I say simplistic because it misses an important point. The heuristics used for any strategic or program-planning exercise are just that—tools to simplify, not represent complexity. The authors’ argument reminds me of the history of the logical framework in international development—a program design tool adopted by western donor organizations in the 1990s when they realized how hard it was to measure results that weren’t clearly or logically defined. Anyone who has filled out the counter intuitive boxes of a “log frame” knows how frustrating it can be. Critics of this program design tool have long shared the rationale that Kania, Kramer, and Russell use to judge strategic philanthropy: that the linear, predictive framing of a logic model does not represent the more complex and non-predictable dynamics of real-world problems and change. What is perhaps most relevant here is that the log frame remains the standard tool across organizations and sectors despite these critiques; the multifaceted visuals and overly detailed schematics of alternative models were even more difficult to translate to the realities of program planning, implementation, and measurement.

Most, if not all organizations grapple with how best to analyze a problem, define meaningful goals, and chart a path to achieve their goals given their resources and core competencies. While it may seem easy to an outsider, it is hard to do well. I have worked with professionals and organizations in different sectors and have always come back to how relevant and important this first, basic principle is as a starting point for strategy, program, or evaluation planning. The real issue I see is not that this approach has failed, but that there are not yet enough organizations defining and measuring clear goals to produce evidence that their efforts are failing.

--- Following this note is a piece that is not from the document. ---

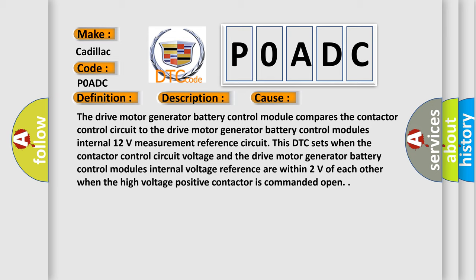The drive motor generator battery control module compares the contactor control circuit to the drive motor generator battery control module's internal 12-volt measurement reference circuit. This DTC sets when the contactor control circuit voltage and the drive motor generator battery control module's internal voltage reference are within 2 volts of each other when the high voltage positive contactor is commanded open.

The authors’ judgment of “rigorous evaluation” as a failed tool in philanthropy is also premature. Many organizations are just starting to understand the distinctions among, and value of, different evaluation designs and how best to use them to inform both program implementation and funding decisions. The dialogue about how to do this well is still too young for us to judge whether or not it works. The seemingly endless debate about the pros and cons of experimental design, for example, stymied our joint efforts to improve understanding about the more important questions that organizations of all types need to ask themselves to decide what type of evaluation to use under which circumstances: What evidence do we need to make decisions? What evaluation design can produce that evidence? What would we do differently if and when we have it?

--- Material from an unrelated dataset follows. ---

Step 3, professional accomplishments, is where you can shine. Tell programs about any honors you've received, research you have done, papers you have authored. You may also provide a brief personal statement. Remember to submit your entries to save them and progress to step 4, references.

Where’s the Real Complexity?

The second major assumption the authors make that I’m grappling with is that philanthropists need new tools, especially when addressing complex problems. This contradicts my experience in international development—where foundations can indeed be key players, but where the more pressing complexity that shapes strategy comes from the collaboration, coordination and funding imperatives that face organizations working to solve tough problems. This complexity increases rather than decreases the value of planning and measurement tools around which different actors can align.

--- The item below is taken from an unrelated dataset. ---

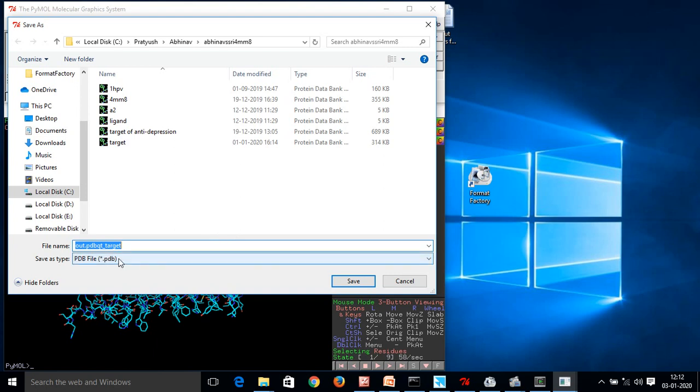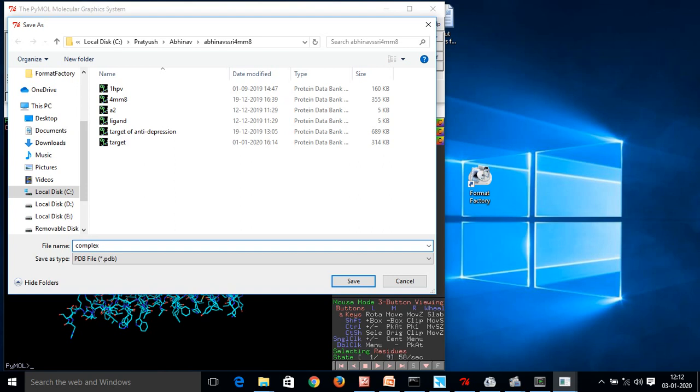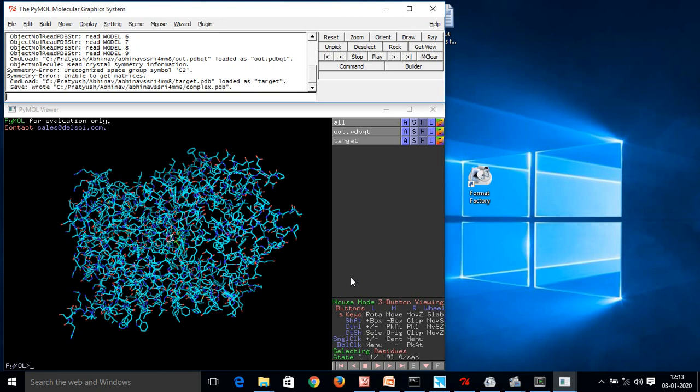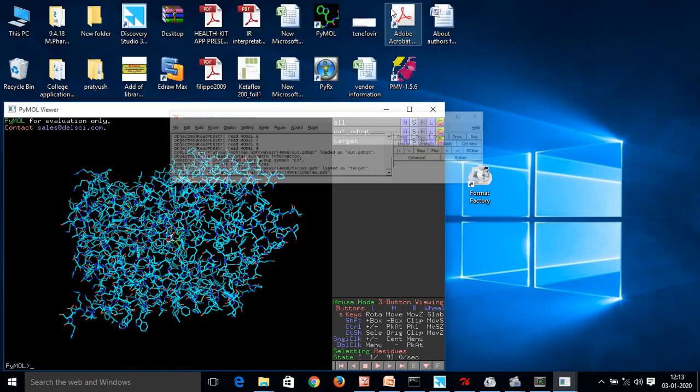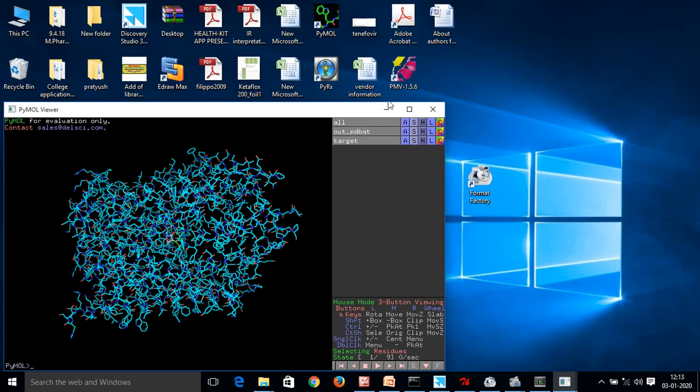Now it is asking where I want to save this file. And I have to save it in pdb format. So this is my file name, out target, out dot pdbqt underscore target. This is a complex file. I will rename it as complex. And save in the parent folder only. Now here our work of PyMOL has been completed.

I’ll use the example that the authors provide in their argument: the very complex enterprise of seeking to improve the health outcomes of a particular population. If I take a hypothetical perspective of a large international NGO working in a particular country, here’s what I see:

  • With limited unrestricted resources, our operation in country x and the relevant technical support we receive from headquarters are funded primarily by restricted monies provided by US and European bilateral donors with a shared commitment to global health priorities relating to the Millennium Development Goals and post-2015 development agendas. Foundations contribute to these resources, but the lion’s share of our funding comes from these traditional donors.
  • With years of experience collaborating with government and other agencies on the ground, we are excited by the global health community’s efforts to agree on a core list of indicators to monitor results, reduce reporting requirements, and leverage current investments in country data and monitoring and evaluation systems. This will help us to prioritize the work we do to support national governments while also adhering to the preferences of our donors so we can continue to secure funding.

Working in the global health community in a country where bilateral, multilateral, and non-governmental organizations collaborate with one another and with government is very different from a public-private western effort to spur impact investing without any particular outcome for people in mind (the example the authors provide of a complex problem). In this former setting, it’s a huge accomplishment when donors, governments, and implementers collaborate to define and monitor results. It’s notable that these results are derived from an overarching theory of change and exactly the type of logic model that the authors characterize as obsolete.

In other words, the complexity on the ground—and most relevant to a philanthropist seeking the best ways to leverage its resources to support outcomes that matter for people—is not the complexity of the problem itself, but the reality of the situation. Truth be told, I can’t imagine what it would look like to come to this table advocating for the use of emergent strategy and a systems map.